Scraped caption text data
___

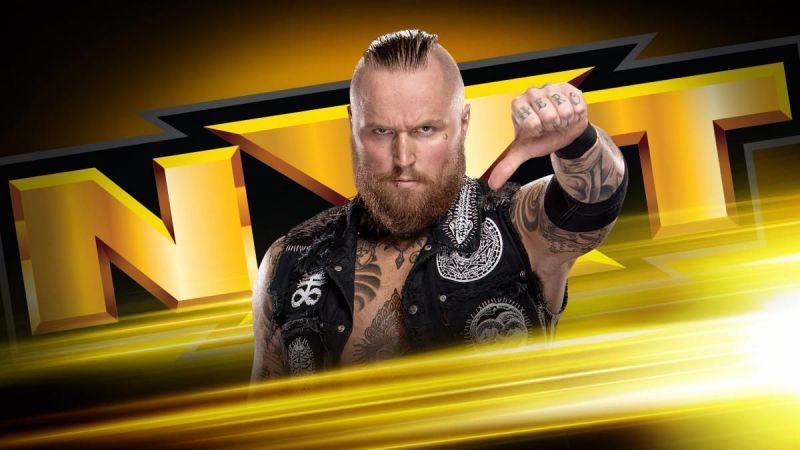 Aleister Black now known as Malakai Black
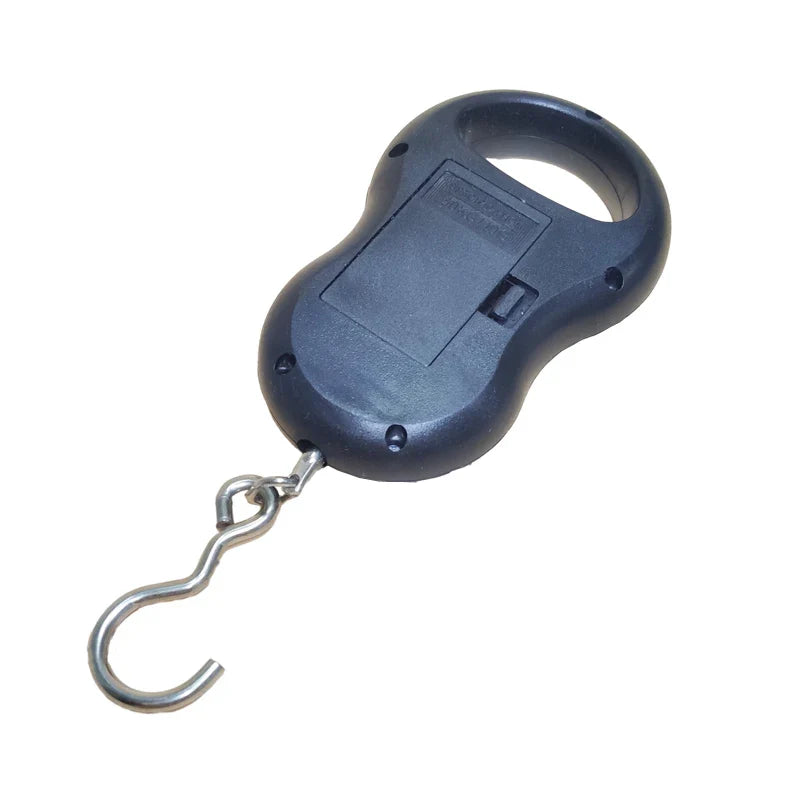 BowLift | Wiegonix Digital Hanging Scale 50kg | Precise & Compact | LCD Display with Backlight | Travel & Fishing Scale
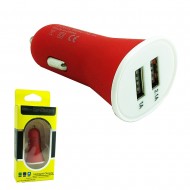 Pazariz 2 Usb Girişli Araç Şarj Başlık Çakmaklık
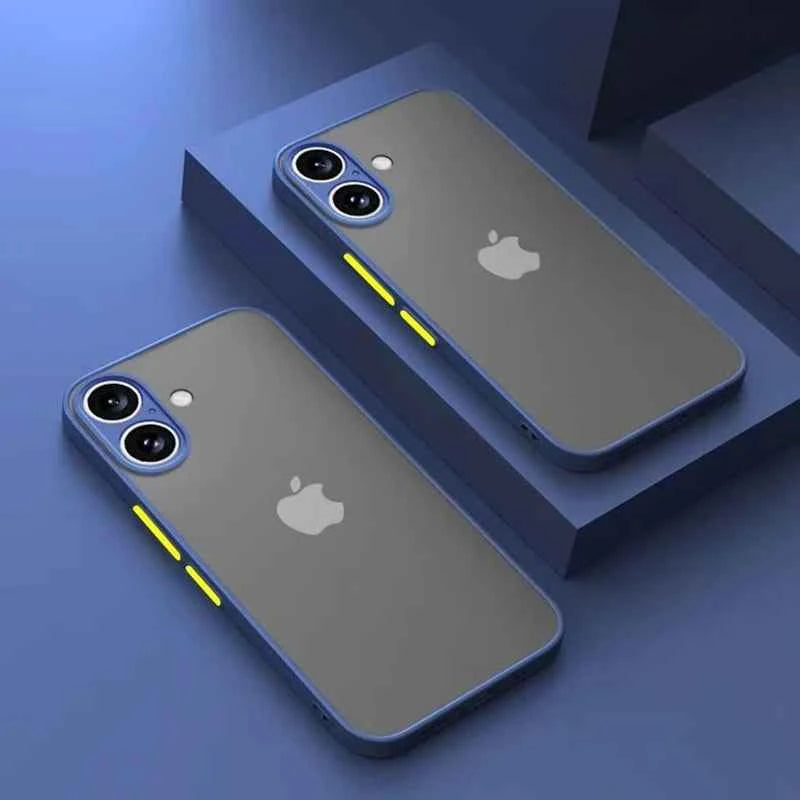 Luxury Armor iPhone Case - Shockproof Hard PC Cover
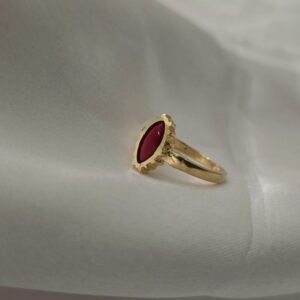 Premium impon  AD stone ring 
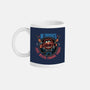 No Thoughts Just Never Ending Chaos-None-Mug-Drinkware-glitchygorilla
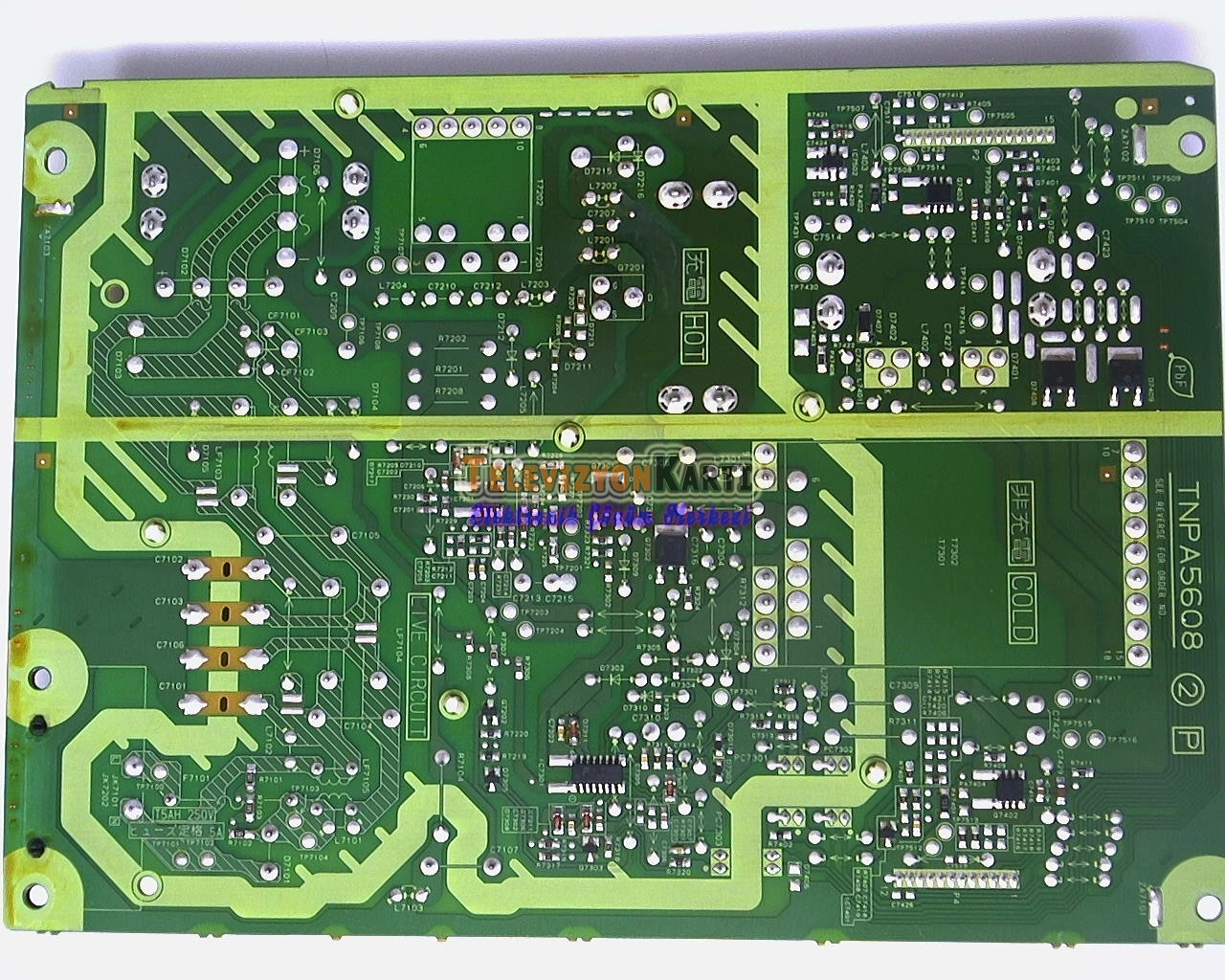 TNPA5608 2P,TXN/P10TWUB,Panasonic TX-L47ET5E,Power Board,Besleme,LC470EUD-SEF2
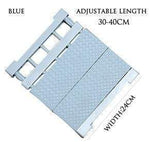Shelf Organizer Adjustable Width No-Drill Installation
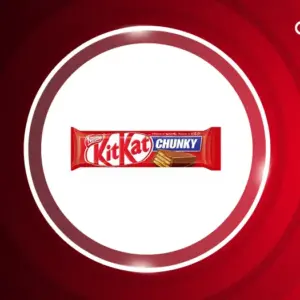 شکلات شیری ویفری چانکی 38 گرمی کیت کت Kit Kat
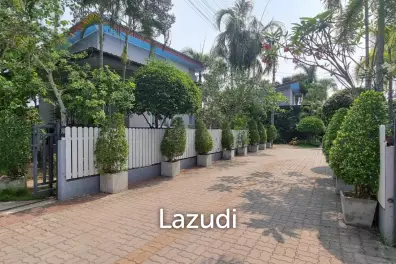4 Rai 1 Ngan 90 SQ.WA Garden Resort In Bangsaray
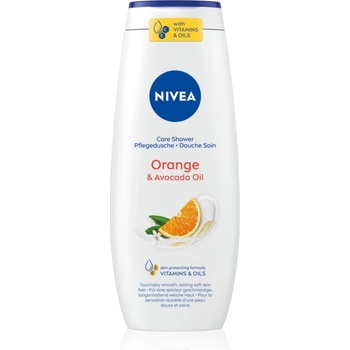 Nivea Orange & Avocado Oil душ гел - грижа 500ml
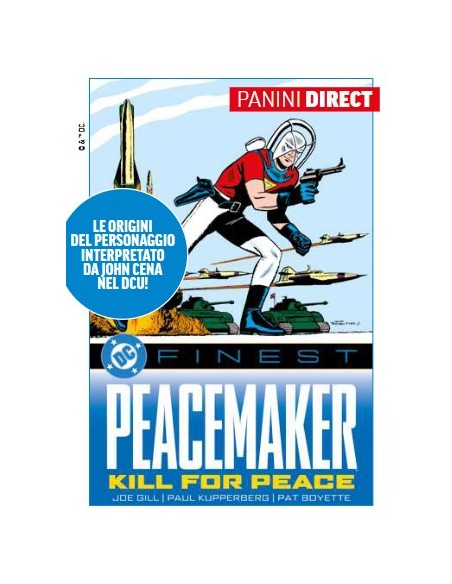 DC FINEST PEACEMAKER: PACE A OGNI COSTO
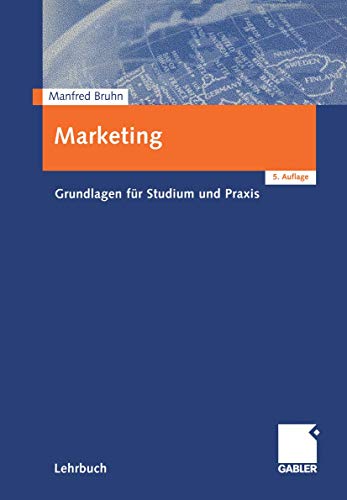 9783409536462: Marketing. Grundlagen fr Studium und Praxis.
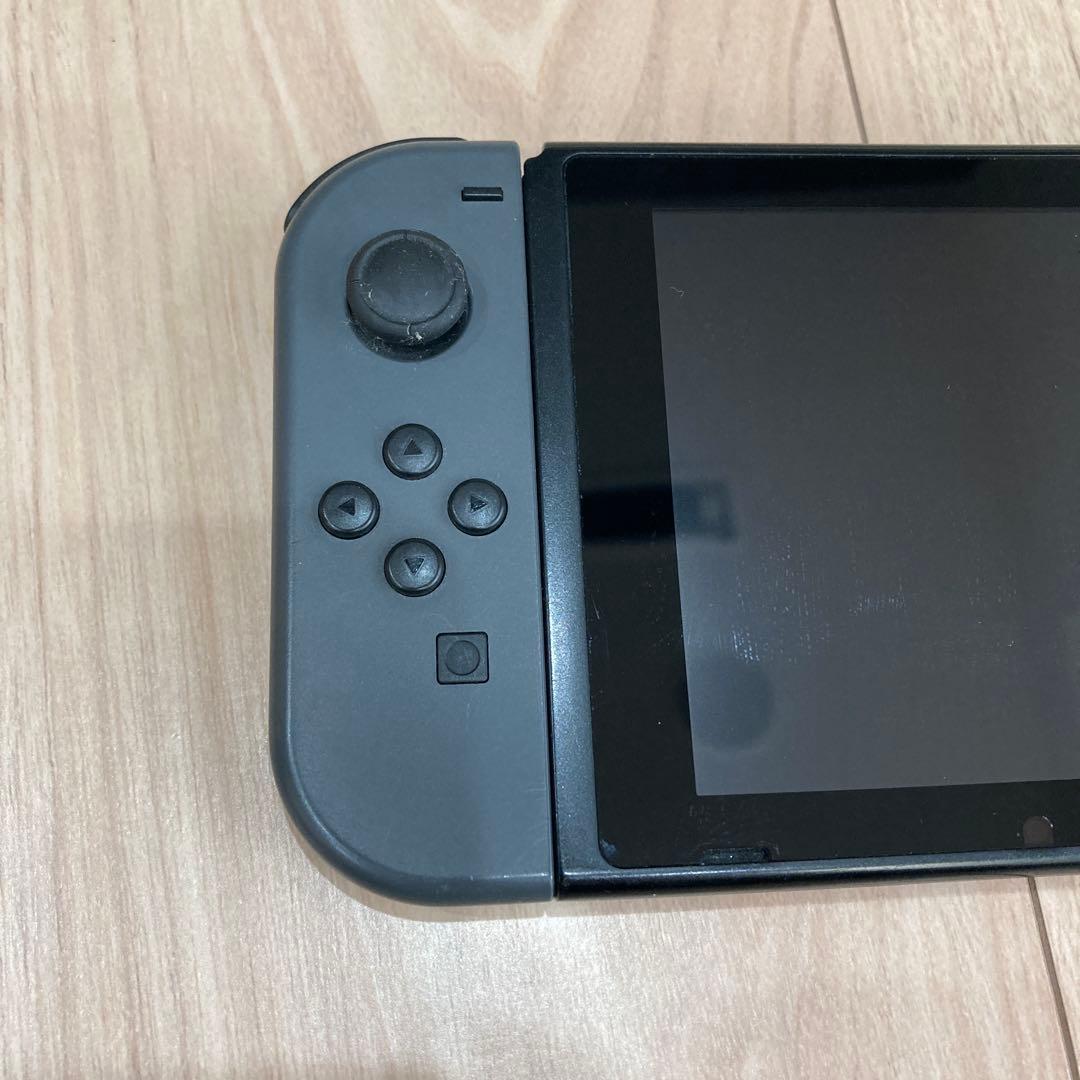 Nintendo Switch グレー 本体 プロコン 保護フィルム付き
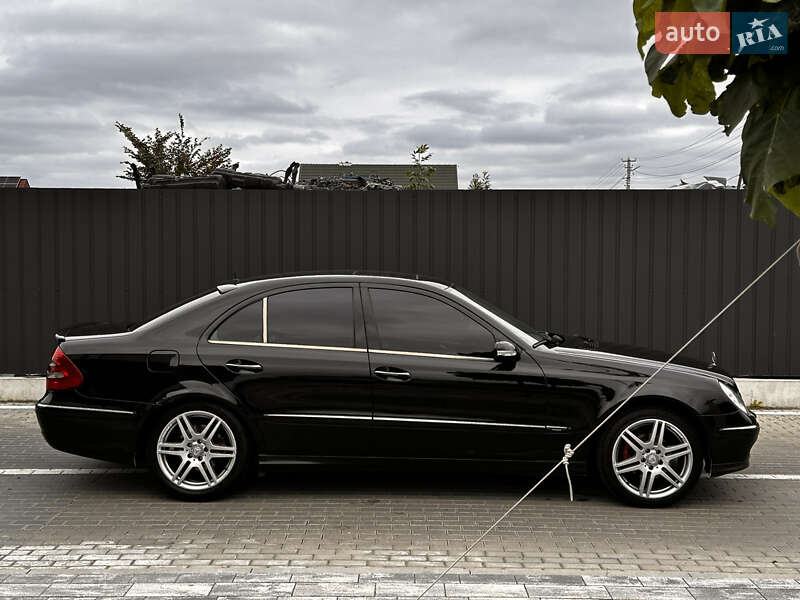 Седан Mercedes-Benz E-Class 2003 в Дубно фото 21 Седан Mercedes-Benz E-Class 2003 в Дубно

___

### What the task requires
Leave the pictures out and restate exactly the lines from the one that has "TNPA5608 2P,TXN/P10TWUB,Panasonic TX-L47ET5E,Power" through the final line of the entries above, both ends included.

### Response
 TNPA5608 2P,TXN/P10TWUB,Panasonic TX-L47ET5E,Power Board,Besleme,LC470EUD-SEF2
Shelf Organizer Adjustable Width No-Drill Installation
 شکلات شیری ویفری چانکی 38 گرمی کیت کت Kit Kat
4 Rai 1 Ngan 90 SQ.WA Garden Resort In Bangsaray
 Nivea Orange & Avocado Oil душ гел - грижа 500ml
 DC FINEST PEACEMAKER: PACE A OGNI COSTO
 9783409536462: Marketing. Grundlagen fr Studium und Praxis.
 Nintendo Switch グレー 本体 プロコン 保護フィルム付き
 Седан Mercedes-Benz E-Class 2003 в Дубно фото 21 Седан Mercedes-Benz E-Class 2003 в Дубно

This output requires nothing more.